The combination of abnormally high frequency of wildfire and low respiratory deaths in Los Angeles may be caused by the following reasons.

problematic wildfire severity assessment method
different health care level among counties
different fire response speed among counties
different fire event counting ability among counties
…

For example, our method of assessing wildfire severity relies on counts. Nonetheless, other factors should also be taken into account, such as duration, size, etc. As we can see from the wildfire perimeter data from NIFC, the sizes of wildfires in LA are much smaller than those in other regions.
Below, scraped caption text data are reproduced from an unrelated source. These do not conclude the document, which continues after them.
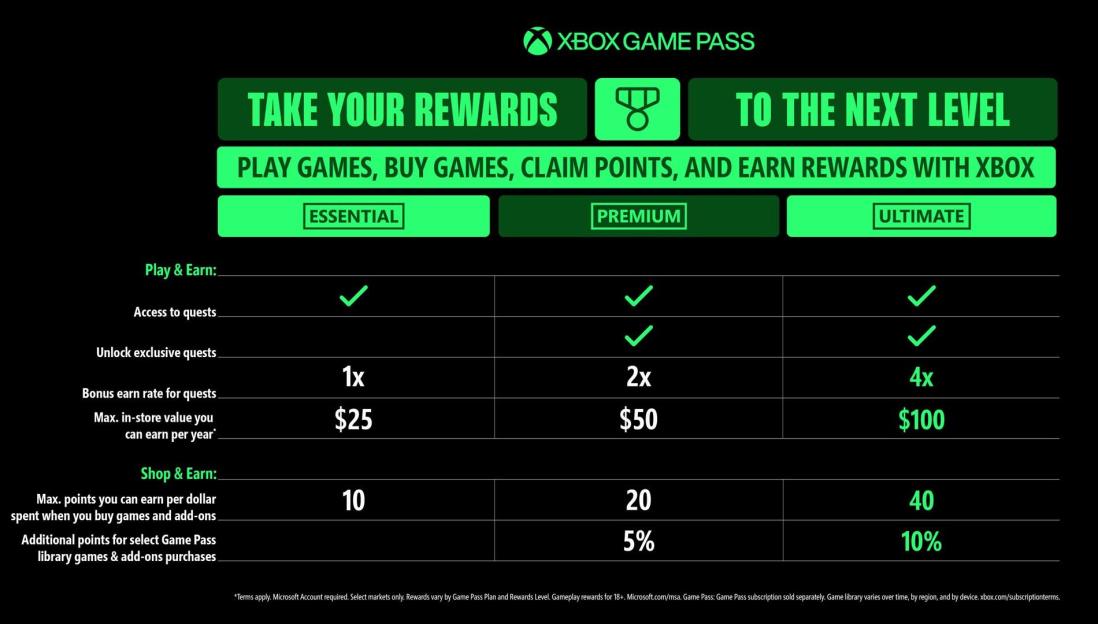 Illustration comparing rewards for Xbox Game Pass Essential, Premium, and Ultimate tiers.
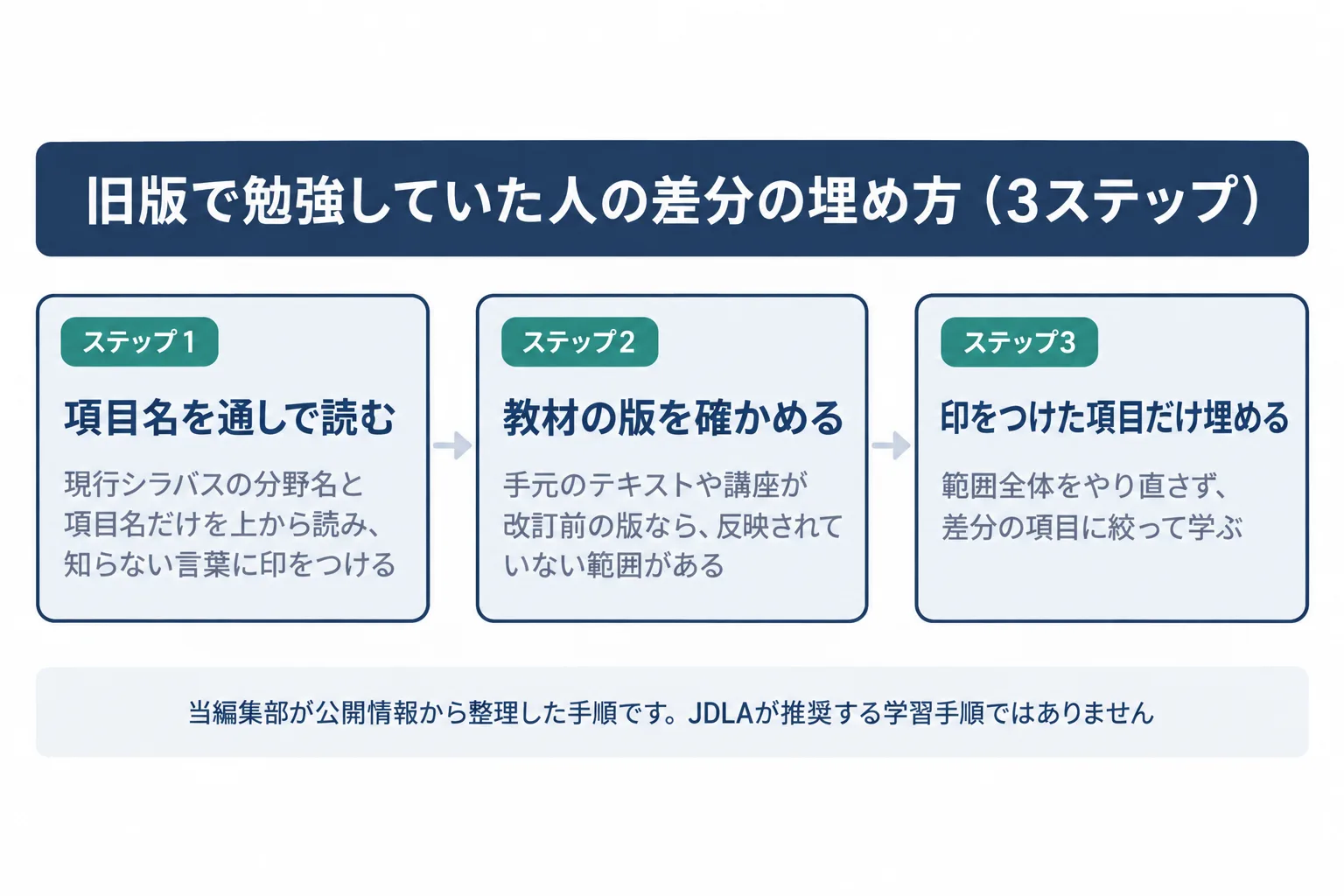 現行シラバスを開き、手元の教材の対応版を確かめ、差分の項目だけを追加で学ぶ3つの手順を左から右に並べた図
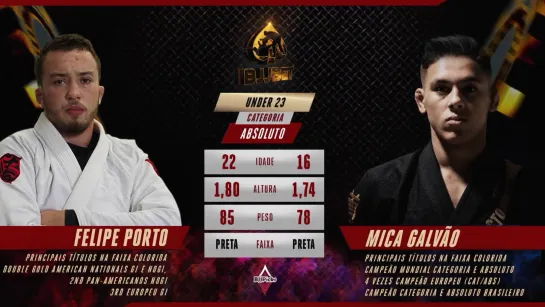 Felipe Porto - Mika Galvao BJJ BET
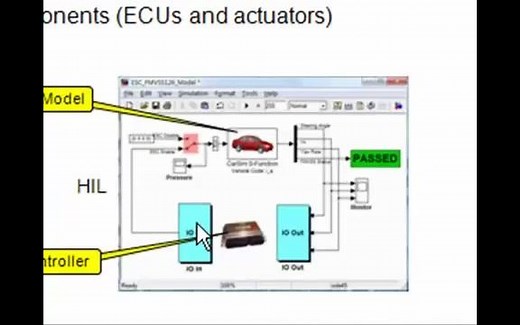 Carsim - Real-Time Hardware in the Loop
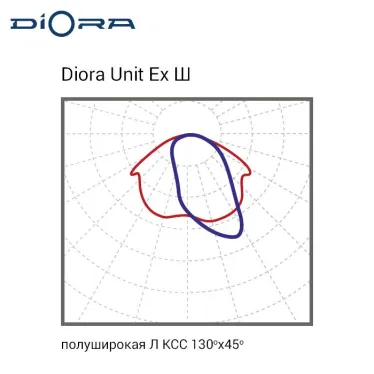 Светодиодный светильник Diora Unit Ex 45/4500 Ш 5K лира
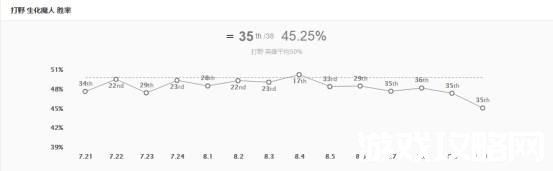 半肉扎克出装顺序,无限乱斗扎克出装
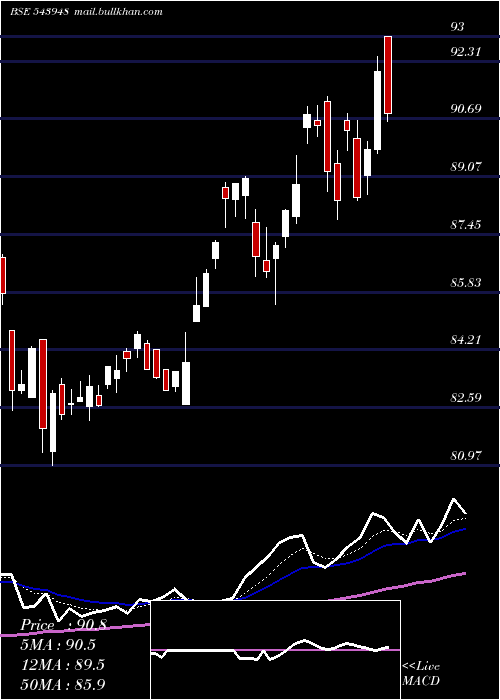  Daily chart Dsppsbketf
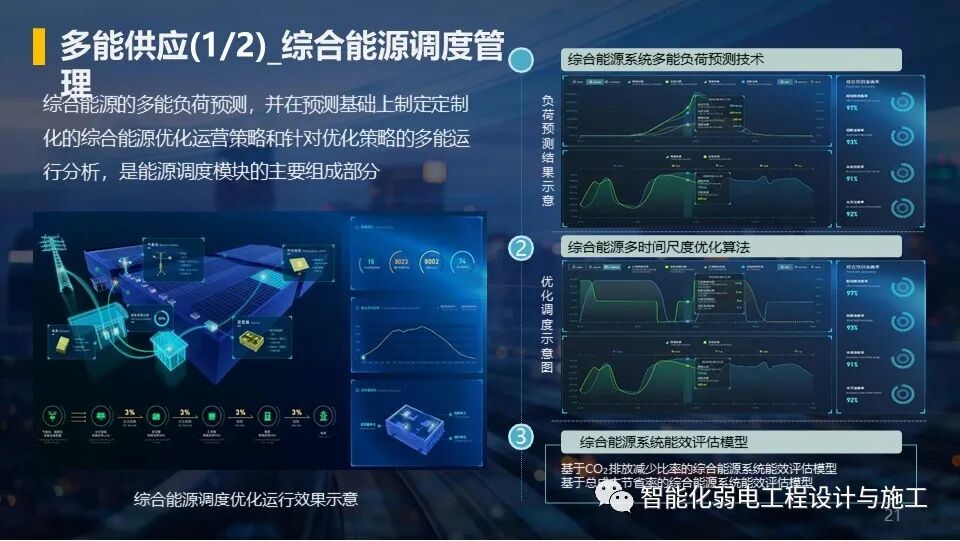 低碳綠色智慧園區整體解決方案，以后的趨勢！的圖21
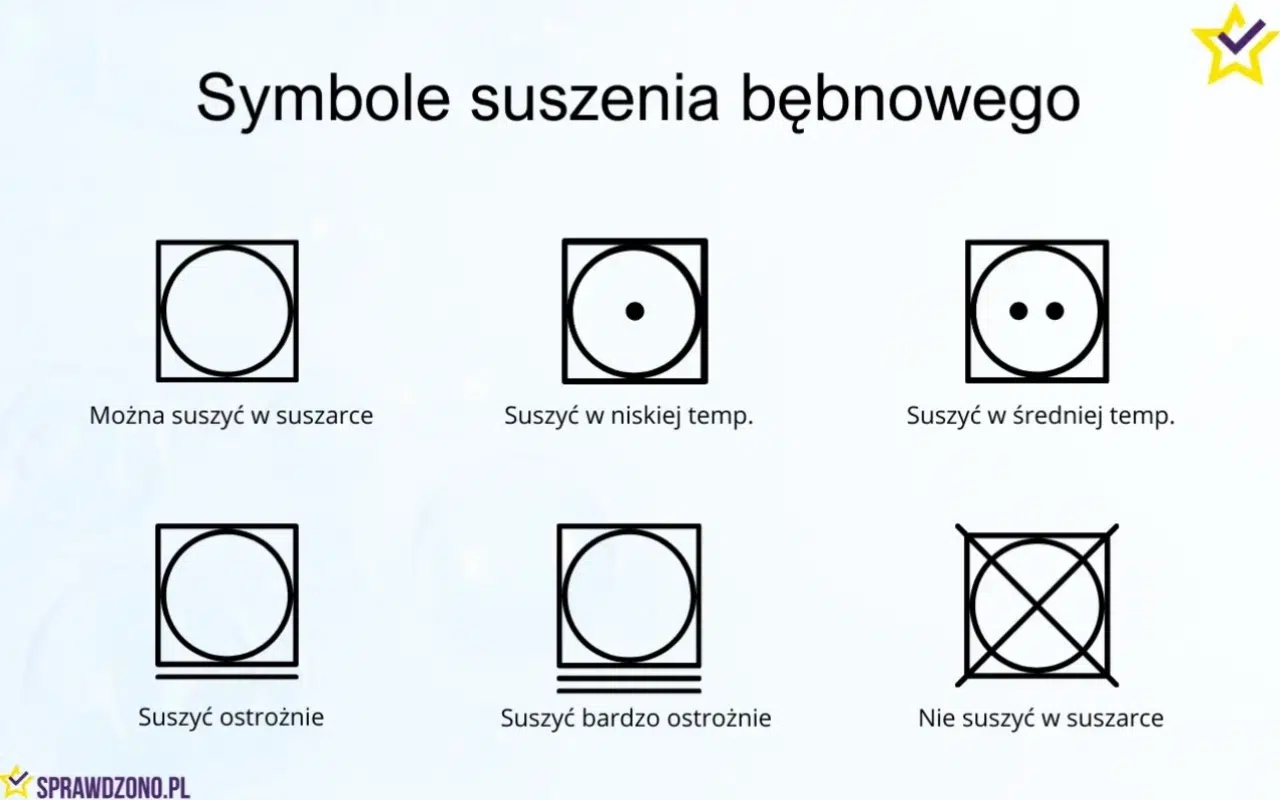 Symbole suszenia w suszarce umieszczane na metkach ubrań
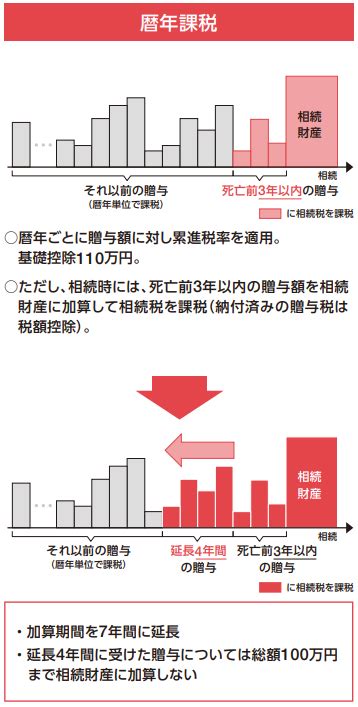 相続税・贈与税の令和5年度税制改正のポイント 後編 Beyond Research Blog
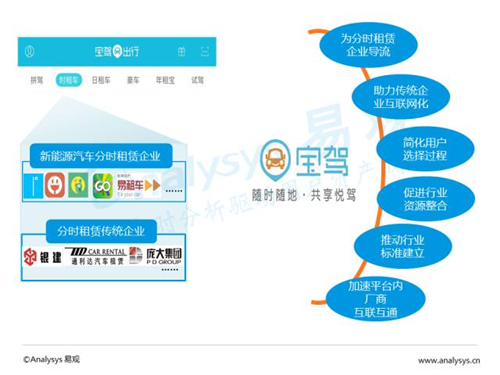 互联网汽车,新能源汽车,电动汽车,充电桩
Wildfire perimeter data from NIFC. Blue polygons are the sizes of wildfires in the past 8 years.

Also, maybe Los Angeles is just more advanced in wildfire detection and recoding so that it has more wild fire counts than other places.

For future studies, we can enhance our results by using a more rigorous and scientific variables to assess the wildfire severity in a region. Possibilities include:

Give different weights to different wildfire indexes (counts, size, duration, …)
Use instrument variables (e.g. biomass loss) as proxies for wildfire severity
…

Data availability

The data used in this project is available here in the folder lab1/.